By Arundhati Sarkar
(Reuters) - Gold eased into a tight range on Friday as cautious investors positioned themselves for U.S. jobs data, but safe-haven bullion was still bound for a second straight weekly gain on expectations of a moderation in the pace of U.S. rate hikes.
Spot gold fell 0.3% to $1,797.98 per ounce by 1255 GMT, after earlier hitting its highest since Aug. 10 at $1,804.46. U.S. gold futures were down 0.2% at $1,812.20.
The U.S. Labor Department's non-farm payrolls (NFP) data is due at 1330 GMT.
"A number disappointing to the downside, which could further reduce the scope and scale of the Federal Reserve's tightening drive, would likely create more dollar weakness and therefore support gold prices," said Ricardo Evangelista, senior analyst at ActivTrades.
However, a surprisingly high number of new jobs created in November, which would embolden the hawks in the Fed, and create upside for the dollar, would pressure gold, Evangelista added.
Gold prices have risen 2.5% so far this week, as the rival safe-haven dollar headed for a weekly loss of about 1%. A softer greenback makes dollar-priced gold cheaper for overseas buyers.
Bullion also got a fillip from Fed Chair Jerome Powell's comments earlier this week that it was time to slow rate hikes.
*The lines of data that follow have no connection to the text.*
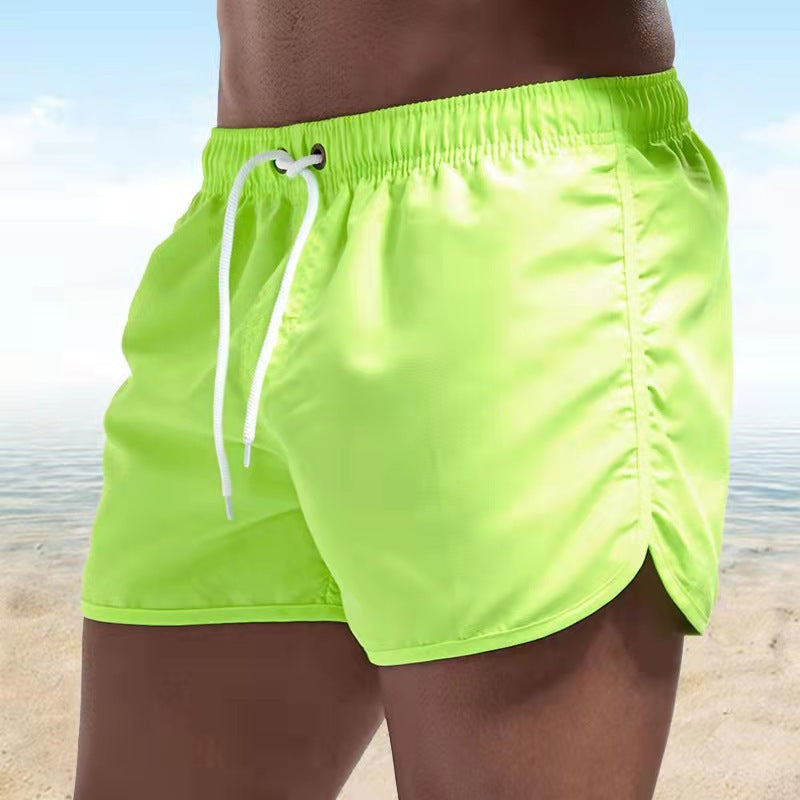 Maillot de bain homme – Coupe décontractée – Séchage rapide – Longueur mi-cuisse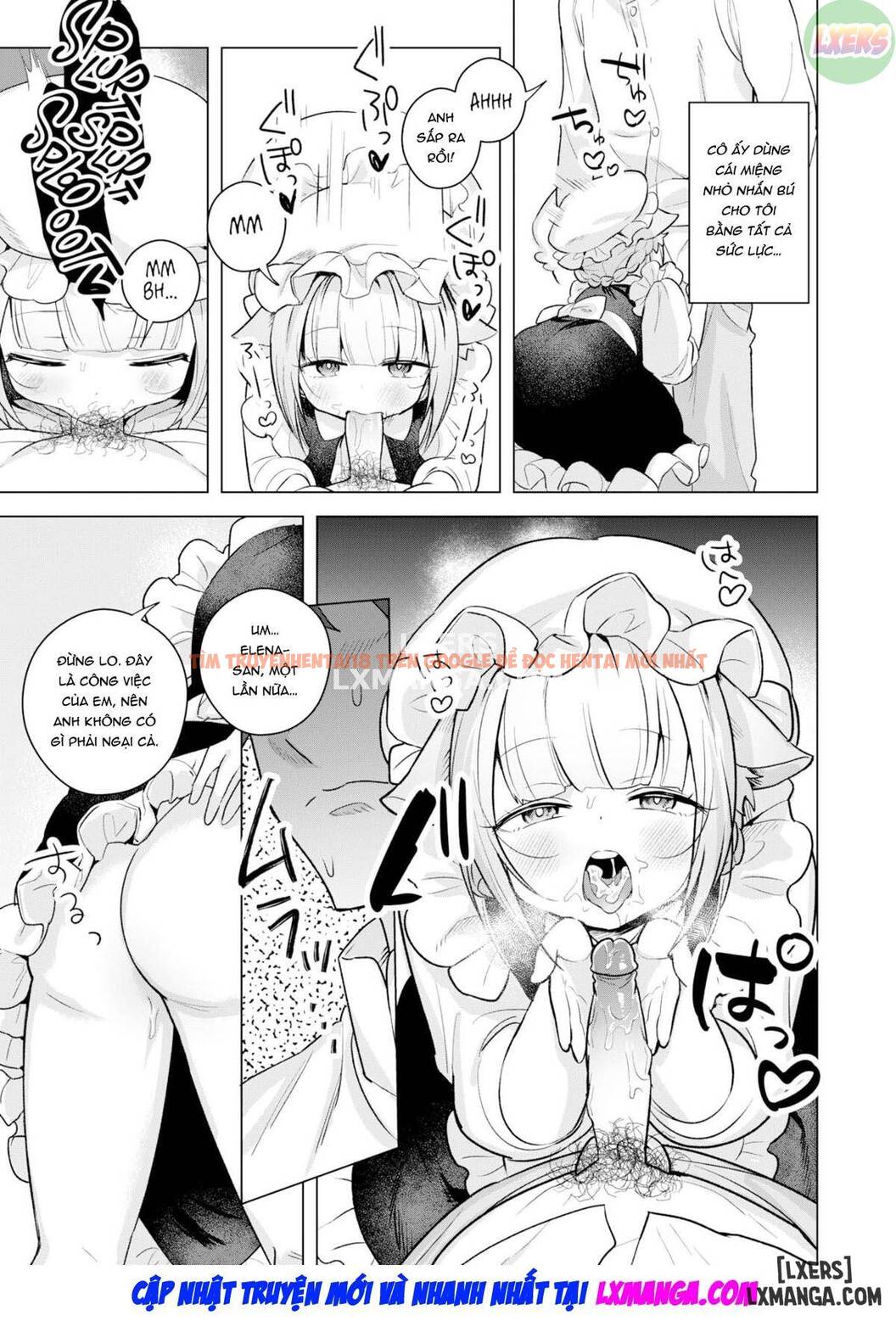 Xem ảnh Người Giúp Việc Elena-san - One Shot - 7 - HentaiTruyen.fun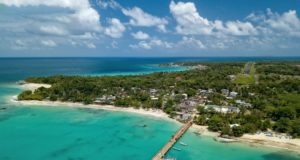 Corn Island Electric Vehicle Boat Pier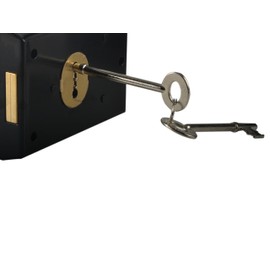 Yale 402 Rim Deadlock 102mm BK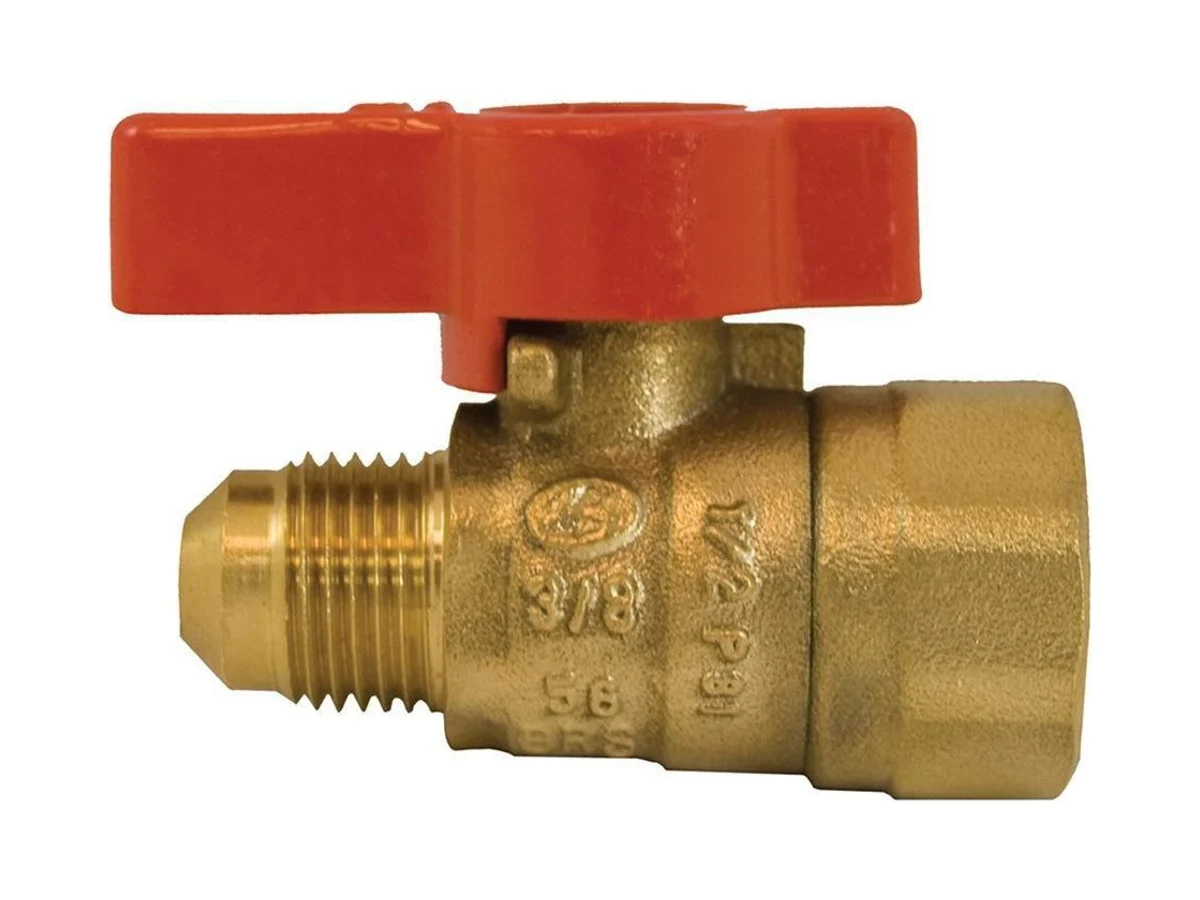 Jones Stephens B67102 Brass gas ball valve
Rising rates have kept a hold on gold's traditional status as an inflation hedge this year, as they translate into higher opportunity cost of holding the non-yielding metal.
"The fact that gold has been able to make significant gains in November and then carried that momentum into December illustrates the depth of support that has built up for the metal," Kinesis Money analyst Rupert Rowling said.
Spot silver fell 0.4% to $22.67 per ounce while platinum dropped 1.9% to $1,022.05, although both were set for weekly gains.
Palladium dropped 1.7% to $1,907.64, but was on track to snap a two-week losing streak.